The Corner

Israel as Fossil-Fuel Giant: How Many Ways Could This Change the Game?

A preliminary geological survey has indicated that there might be about 26 million barrels of recoverable oil a mile under the sand near two kibbutzim in the northern Negev. That would amount to about $2 billion at current prices. There might be 12 million additional barrels further down.

This news comes a day after drilling began on the Leviathan, a record-setting exploratory well in a massive natural-gas field off the coast of Haifa. The area is thought to contain 16 trillion cubic feet of gas, and it might also contain oil. The Leviathan is twice as big as the Tamar natural-gas field struck last year, and the Tamar is already expected to produce enough gas to supply Israel for 20 years. (That’s a big deal: Israel has long depended on natural-gas imports from Egypt; what little she had produced domestically pre-Tamar was expected to dry up in 2012.) If the Leviathan produces what is hoped, it might — typing this makes me feel a little giddy — turn Israel into a natural-gas-exporting country.

So here’s the lowdown.
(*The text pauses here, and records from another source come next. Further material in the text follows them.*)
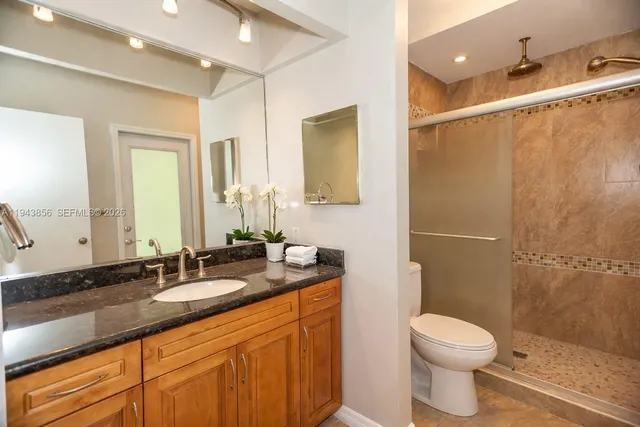 a bathroom with a granite countertop sink a toilet and shower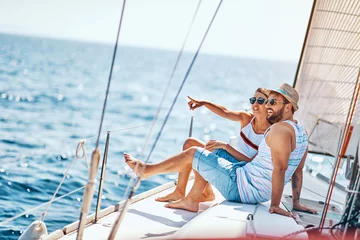 Fototapeten Romantic man and woman spending time together and relaxing on yacht. © luckybusiness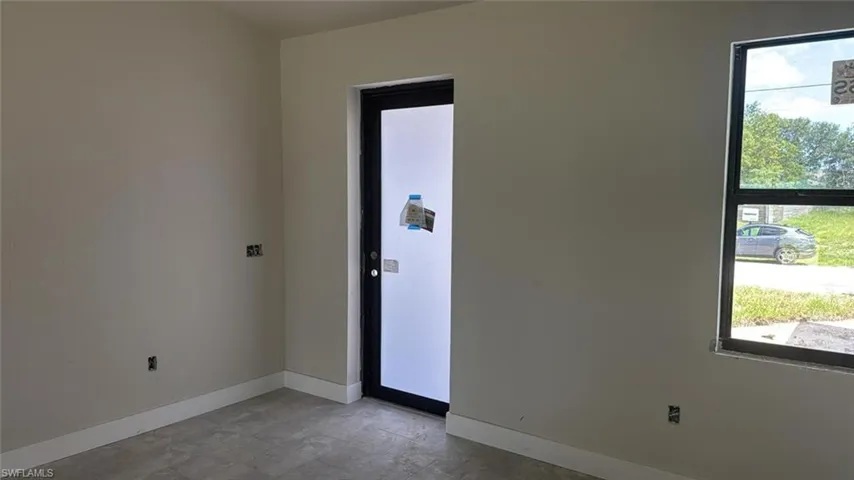 Empty room featuring baseboards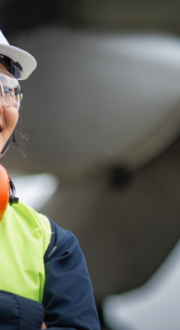 Woman maintenance engineer at the airport with PPE personal safety equipment is inspection airplane engineer portrait show.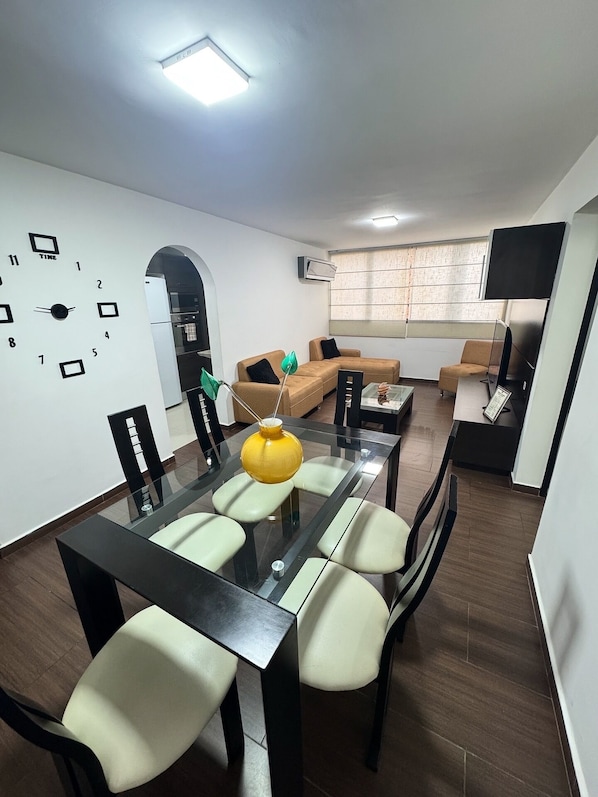 Una sala de estar moderna con comedor, un conjunto de sofás, un televisor y un reloj de pared.
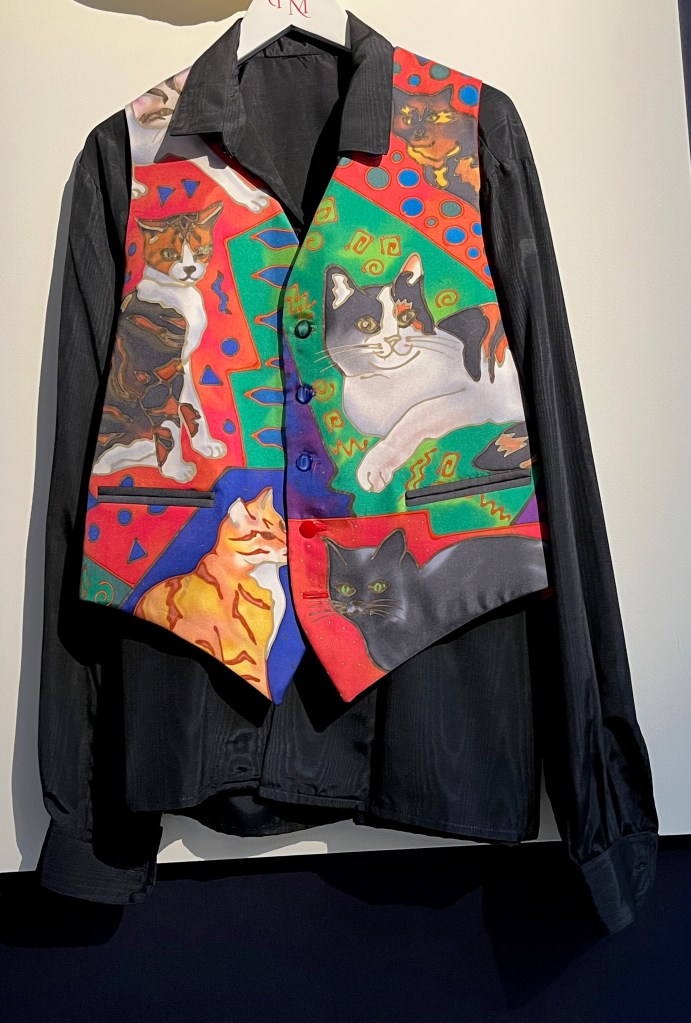 A silk waistcoat painted with a colourful design incorporating individual portraits of Freddie Mercury’s six beloved cats. It is on display over a black shirt.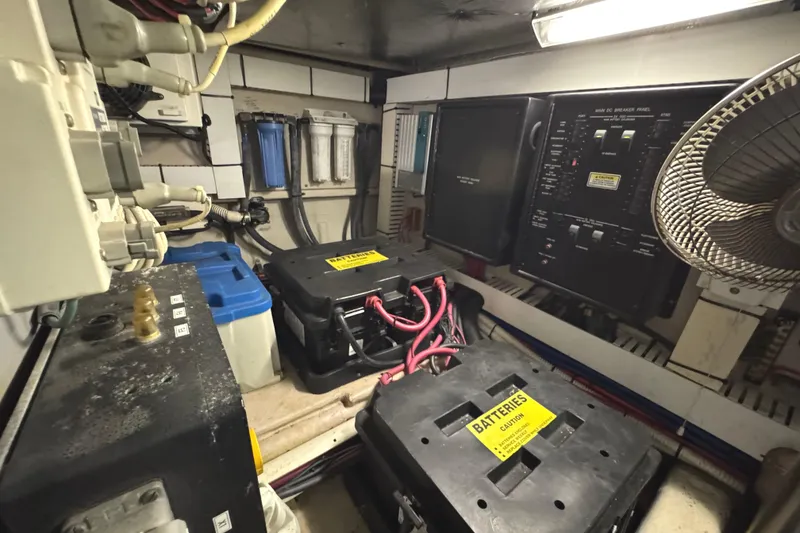 Slide: The Image of Engine room of 2004 Sea Ray 560 Sedan Bridge with batteries and control panel. - 63
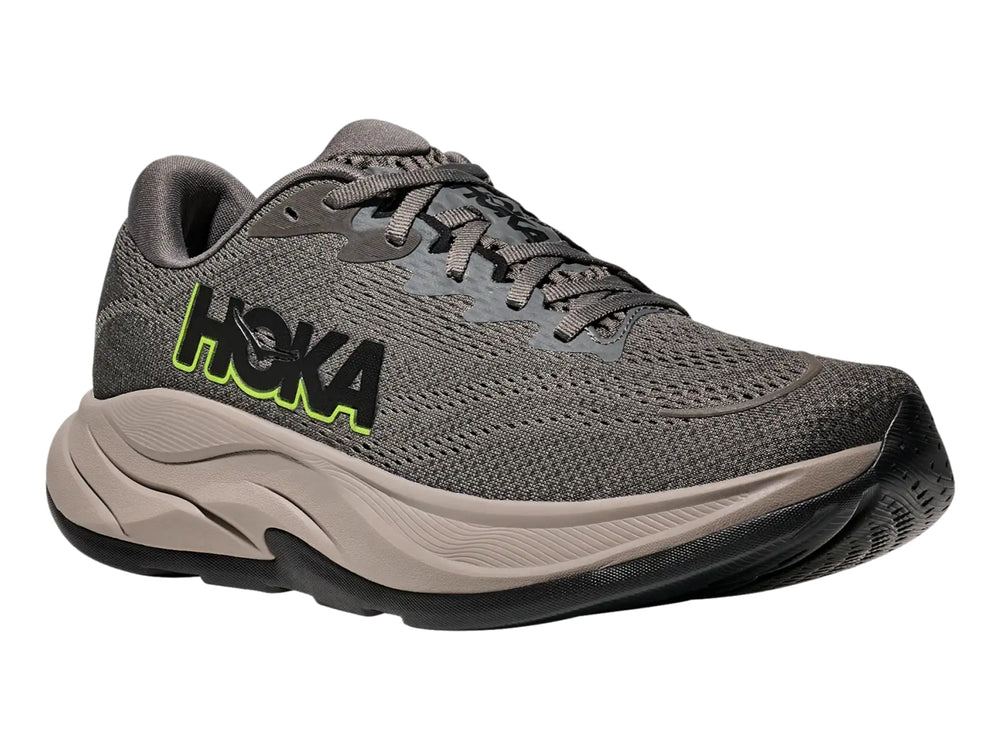Tenis deportivos HOKA Rincon 4 color gris asfalto con suela gruesa color gris claro.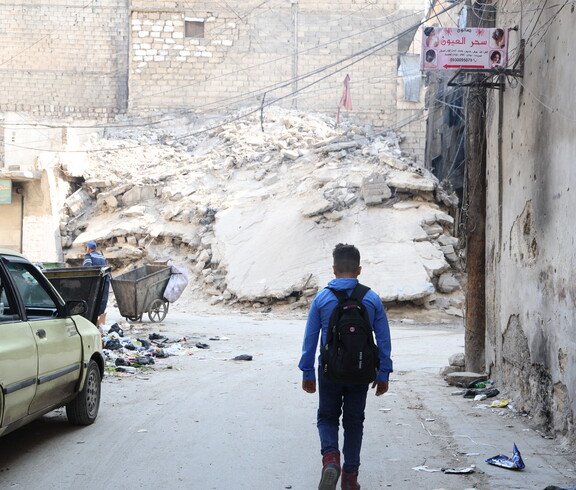 Ein Junge in einer zerbombten Stadt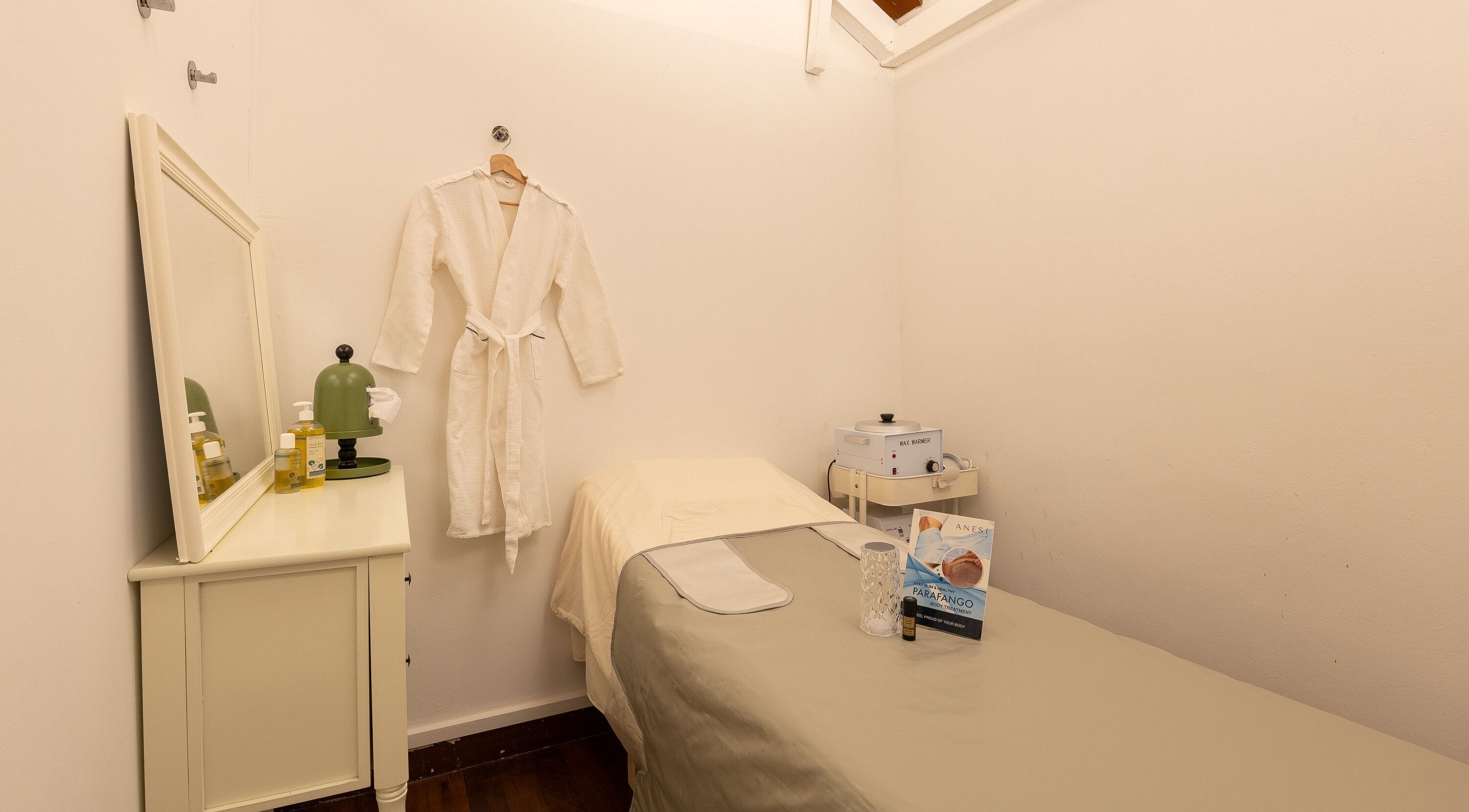 Serene treatment room at Roses & More Skin Alchemy, Singapore, SG with cozy robe and massage bed.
Leviathan is 40 percent held by Noble Energy, an American company. Twenty-three percent each is held by Delek and Avner, both Israeli companies. But the Lebanese government and Hezbollah are claiming that whatever the Americans and Israelis find off the Haifa coast actually belongs to them. Hezbollah, lest we forget, possesses long-range rockets. Green Prophet, an environmental and clean technology site, is worried: The destruction by terrorists — sorry, by Hezbollah — of the gas-producing rigs off Haifa could cause “an environmental catastrophe on a similar scale to the BP oil spill in the Gulf of Mexico.” That damage would be on top of all the other consequences of what would surely be a full-scale war.

Well, we’ll see. As Hank Pellissier notes at World Future Today, Israel’s potential as a natural-gas exporter could shift some relationships in interesting ways (Israel-Greece? Israel-Turkey? Israel-Georgia? Israel-Asia?). In the meantime, this is exciting news.